Dictionary format for upsert operations:
vector_item = {
"id": "unique_identifier", # Required: string
"vector": [0.1, 0.2, 0.3, ...], # Optional: List[float]
"contents": "text content", # Optional: string or bytes
"metadata": { # Optional: Dict[str, Any]
"category": "research",
"author": "Dr. Smith",
"tags": ["ai", "ml"]
}
}
Results returned from query operations:
# Single query result format (flat list)
single_query_results = [
{
"id": "doc1", # string (always included)
"distance": 0.125, # float (always included, lower = more similar)
"metadata": { # Dict (if included in query)
"category": "research"
},
"contents": "text content", # string (if included in query)
"vector": [0.1, 0.2, ...] # List[float] (if included in query)
},
# ... more results
]
# Batch query result format (nested list)
batch_query_results = [
[ # Results for first query vector
{"id": "doc1", "distance": 0.125, ...},
{"id": "doc2", "distance": 0.234, ...}
],
[ # Results for second query vector
{"id": "doc3", "distance": 0.156, ...},
{"id": "doc4", "distance": 0.278, ...}
]
]
The filters parameter in query operations supports MongoDB-style operators:
Supported Operators
$eq: Equality ({"category": "research"})
$ne: Not equal ({"status": {"$ne": "draft"}})
$gt: Greater than ({"score": {"$gt": 0.8}})
$gte: Greater than or equal ({"year": {"$gte": 2020}})
$lt: Less than ({"price": {"$lt": 100}})
$lte: Less than or equal ({"rating": {"$lte": 4.5}})
$in: In array ({"tag": {"$in": ["ai", "ml"]}})
$nin: Not in array ({"category": {"$nin": ["spam", "deleted"]}})
$and: Logical AND ({"$and": [{"a": 1}, {"b": 2}]})

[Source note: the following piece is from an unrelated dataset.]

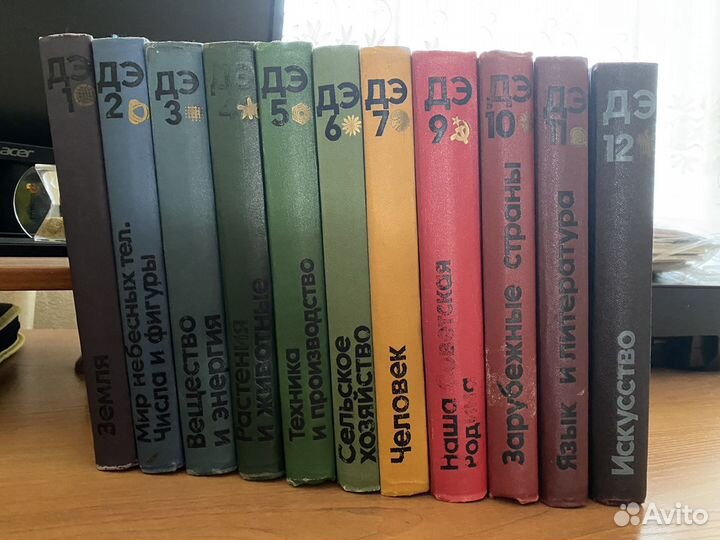 Детская энциклопедия СССР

$or: Logical OR ({"$or": [{"x": 1}, {"y": 2}]})
Filter Examples
# Simple equality filter
simple_filter = {"category": "research"}
# Range filter
range_filter = {
"published_year": {"$gte": 2020, "$lte": 2024}
}
# Complex compound filter
complex_filter = {
"$and": [
{"category": "research"},
{"confidence": {"$gte": 0.9}},
{"$or": [
{"language": "en"},
{"translated": True}
]}
]
}
Field Selection
Many operations support field selection through the include parameter:
Available Fields
vector: The vector data itself
contents: Text or binary content associated with the vector
metadata: Structured metadata object
distance: Similarity distance (query operations only, always included automatically)
The id and distance fields are always included in query results regardless of the include parameter.
Example Usage
# Include only metadata (efficient for existence checks)
metadata_only = ["metadata"]
# Include vectors and distances (for similarity analysis)
vectors_and_distances = ["vector", "distance"]
# Include all available fields
all_fields = ["vector", "contents", "metadata", "distance"]
Distance Metrics
Supported distance metrics for similarity calculations:
cosine: Cosine similarity (recommended for normalized vectors)
euclidean: Euclidean distance (L2 norm)
squared_euclidean: Squared Euclidean distance (faster than euclidean)